* [EXTRACTED ENTRIES]
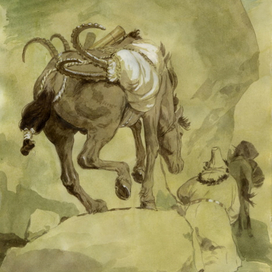 Охота получилась. «Горные охотники» Сепия. 18 x 27 cm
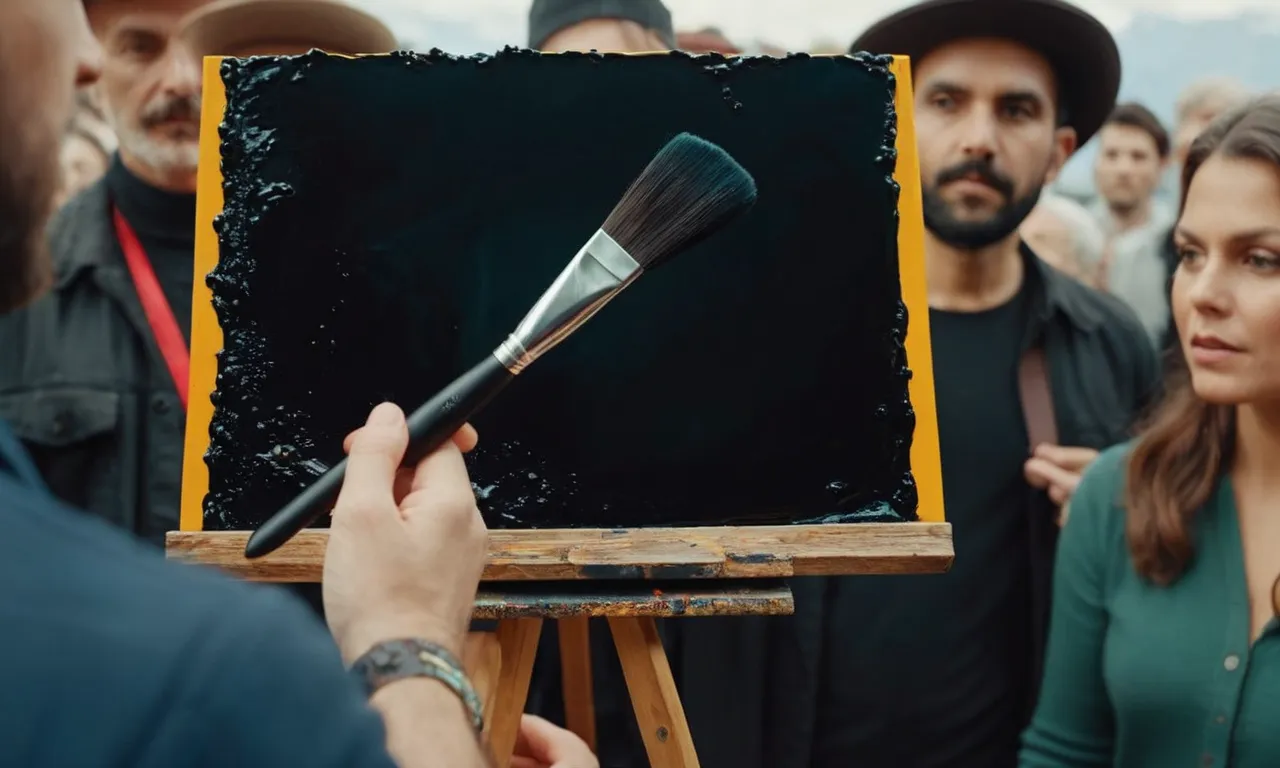 A captivating image showing a paintbrush delicately applying Vantablack to a canvas, surrounded by curious spectators, questioning why such a mesmerizing color is forbidden.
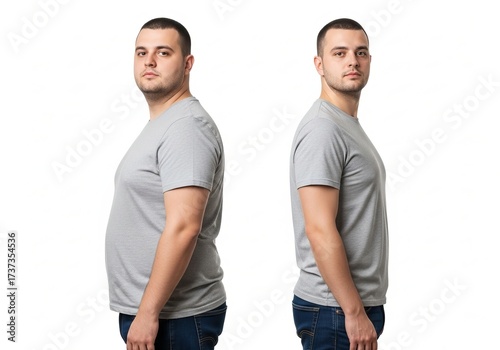 Man's impressive weight loss journey, showcasing a significant body transformation from overweight to a healthier, fitter physique, highlighting the results of dedication and a healthier lifestyle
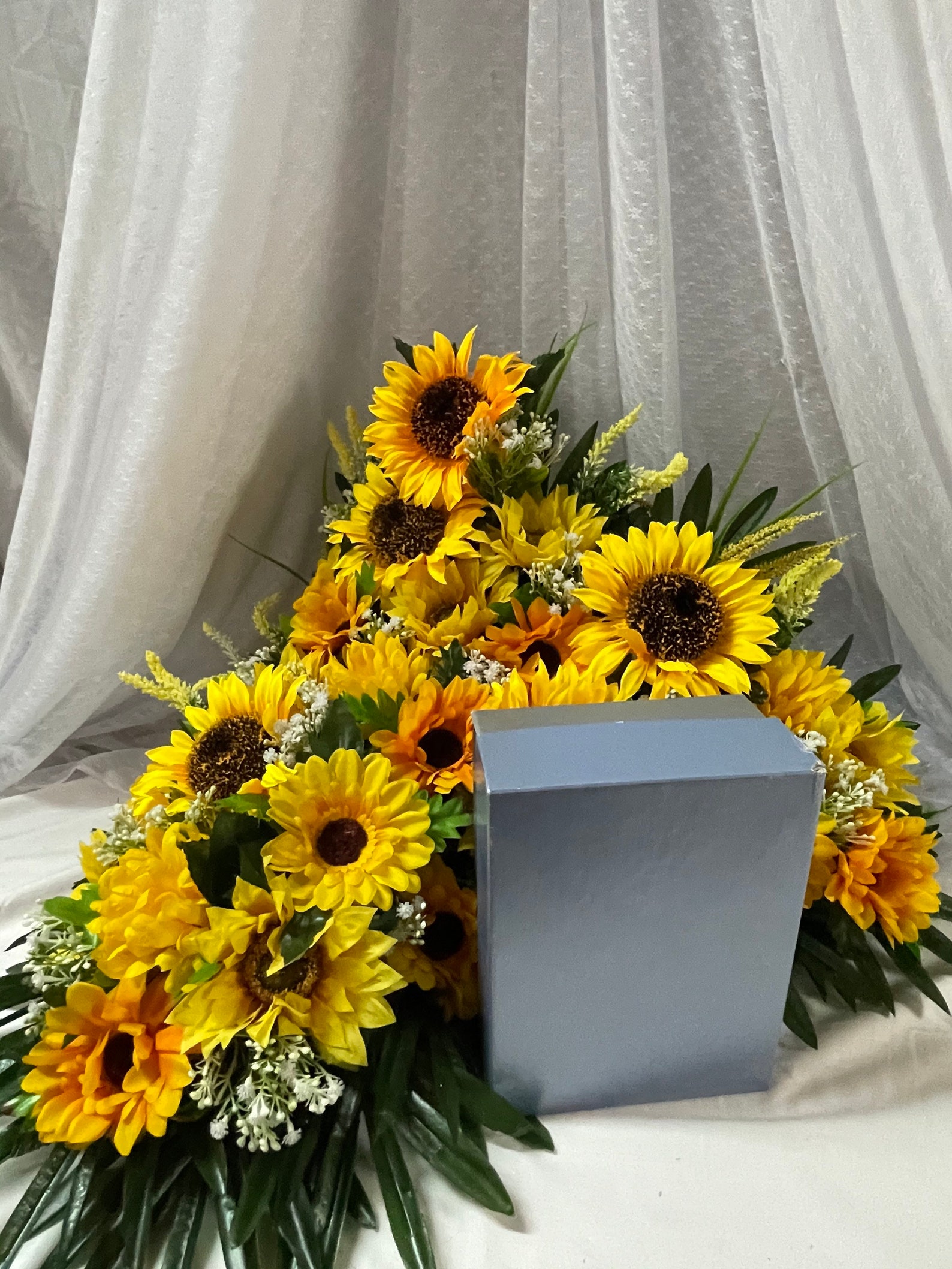 Urn Funeral Flower Arrangement Sunny Sunflowers Etsy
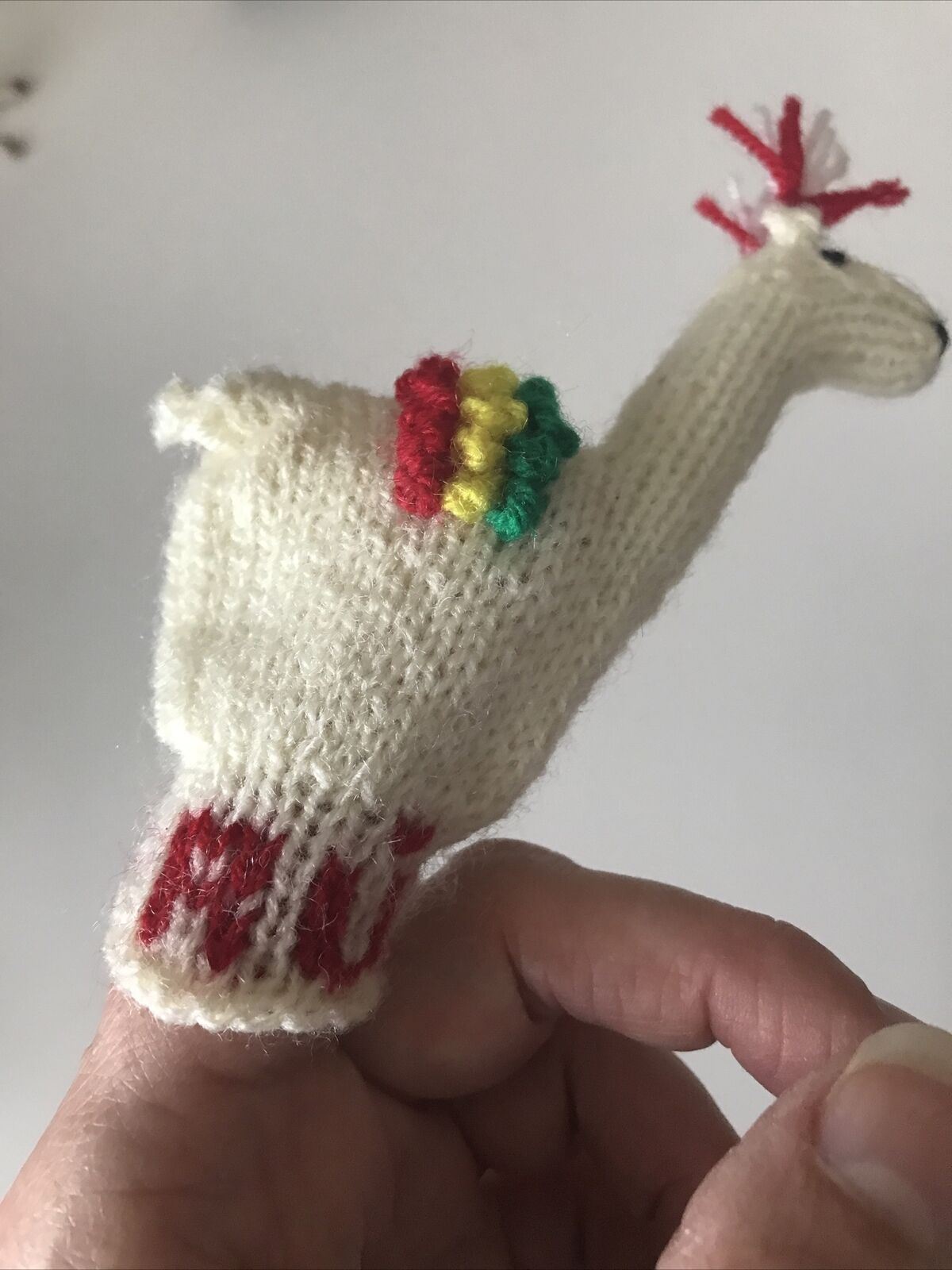 Llama Peru Knitted Finger Puppet. Cute Bright Sweet. Fun Kids Gift.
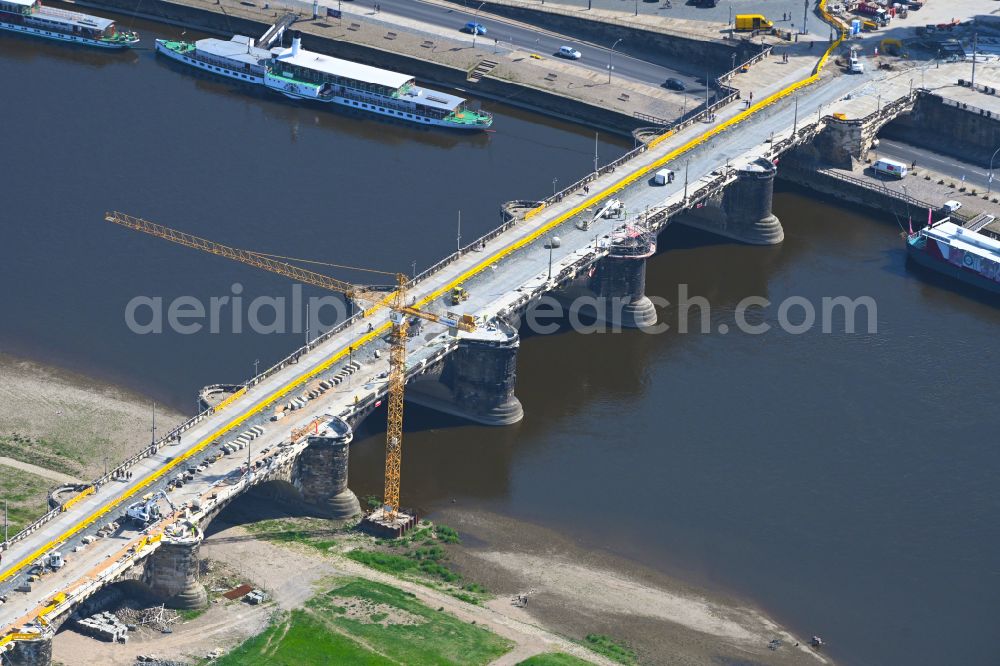 Aerial image Dresden - Road bridge structure Augustus Bridge over the river banks of the Elbe in the district Altstadt in Dresden in the federal state of Saxony, Germany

* [ABOUT THIS EXERCISE] Every last line above must be reproduced as written, and no pictures belong in the copy.

* [YOUR SOLUTION]
 Охота получилась. «Горные охотники» Сепия. 18 x 27 cm
 A captivating image showing a paintbrush delicately applying Vantablack to a canvas, surrounded by curious spectators, questioning why such a mesmerizing color is forbidden.
 Man's impressive weight loss journey, showcasing a significant body transformation from overweight to a healthier, fitter physique, highlighting the results of dedication and a healthier lifestyle
 Urn Funeral Flower Arrangement Sunny Sunflowers Etsy
 Llama Peru Knitted Finger Puppet. Cute Bright Sweet. Fun Kids Gift.
 Aerial image Dresden - Road bridge structure Augustus Bridge over the river banks of the Elbe in the district Altstadt in Dresden in the federal state of Saxony, Germany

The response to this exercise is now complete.